A&E UPSIDE DOWN - DOCTORS COMPLAIN ABOUT DANGEROUS PROCEDURES - DIAGNOSIS CANNOT BE MADE WITH A DELAY - Filenews 17/4
The doctors in the Accident and Emergency Departments of state hospitals are upside down after the decision of the State Health Services Organization to proceed with the purchase of services from a private body abroad for the opinion of X-rays performed on patients who are looked after in the A&E for service.
The discomfort of the doctors does not concern the process of telediagnosis itself, during non-working days and hours, but the way in which it is attempted to be applied in an A&E environment, as, on the one hand, as they reported to "F", they are asked to fill in a very "demanding", as they characterize it, document before the electronic registration of the exams and on the other hand their immediate service is not ensured, As private radiologists who are abroad are given the time limit of 7 days to deliver the opinions.
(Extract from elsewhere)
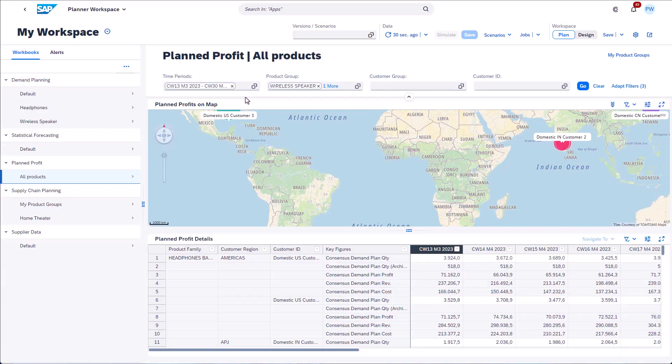Hey, wait — what is going on? Oh, I see there is a new version of Planner Workspace. The first interesting aspect is that I can display the chart on top and the planning view below. Seems like there is a new layout.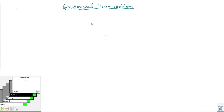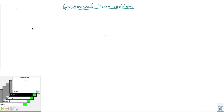Welcome back, physics students. I just want to show you a quick little example of another thing you could do with the gravitational force equation.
In fact, from the very first days, tensions began to arise between doctors, with the Pancyprian Guild of Government Doctors, making a relevant reference in a letter sent yesterday, in protest, to OKYPY: "PASYKI states with absolute clarity that it will not allow the creation or exacerbation of differences between doctors of different specialties, which are already recorded as a direct consequence of such wrong administrative choices. The shifting of responsibilities, the ambiguity of roles and the lack of a clear operating framework cannot lead to intra-medical controversies. Doctors are not and cannot act as recipients of administrative failures."
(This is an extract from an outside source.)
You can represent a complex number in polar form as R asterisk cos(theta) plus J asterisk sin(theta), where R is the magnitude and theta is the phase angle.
"The seven-day procedure," he told "F", "was applied until today for the purposes of registering claims for compensation in the context of the GHS and the opinions were given for a small fee by the radiologists of the hospitals. This was a not so safe process from the beginning, because the doctors of the A&E were asked to "read" the x-rays in order to manage emergencies, however, there was always the immediacy and easy access to doctors of the specific specialty in cases where there was a need. Now, we are going to make official, possibly, a wrong practice."
The Pancyprian Guild of Government Doctors has sent, so far, two letters to OKYPY, requesting a dialogue to determine safe procedures, criteria and conditions for the implementation of telediagnosis in the A&E.
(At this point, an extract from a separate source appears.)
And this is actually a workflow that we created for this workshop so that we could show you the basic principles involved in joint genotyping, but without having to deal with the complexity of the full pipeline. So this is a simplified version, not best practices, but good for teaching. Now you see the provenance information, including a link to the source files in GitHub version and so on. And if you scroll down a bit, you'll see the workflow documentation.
"This decision, in addition to the serious legal issues that have already been documented, raises key and essential issues of practical application, which directly affect the safety of patients, the quality of the services provided and the very core of the medical practice," PASYKI states in its latest letter and adds: "At the operational level, the doctors of the A&E are called upon to be included in a process that is de facto time-consuming and incompatible with nature and the requirements of emergency medicine. A&E operates under pressure, with a need for immediate, documented and often decisive decisions for the patient's outcome."
"The most worrying," says PASYKI, "is not the operational dysfunction, but the very philosophy that seems to govern this regulation. While the primary goal of any such measure should be the immediate and reliable opinion of the X-rays, for the benefit of the clinical management of the patient, it appears that in practice the priority is shifting. The provision for the possibility of submitting opinions within a period of up to seven (7) days, in order to ensure administrative and financial processing vis-à-vis the GHS, demonstrates that timely medical evaluation is not the central axis of the regulation."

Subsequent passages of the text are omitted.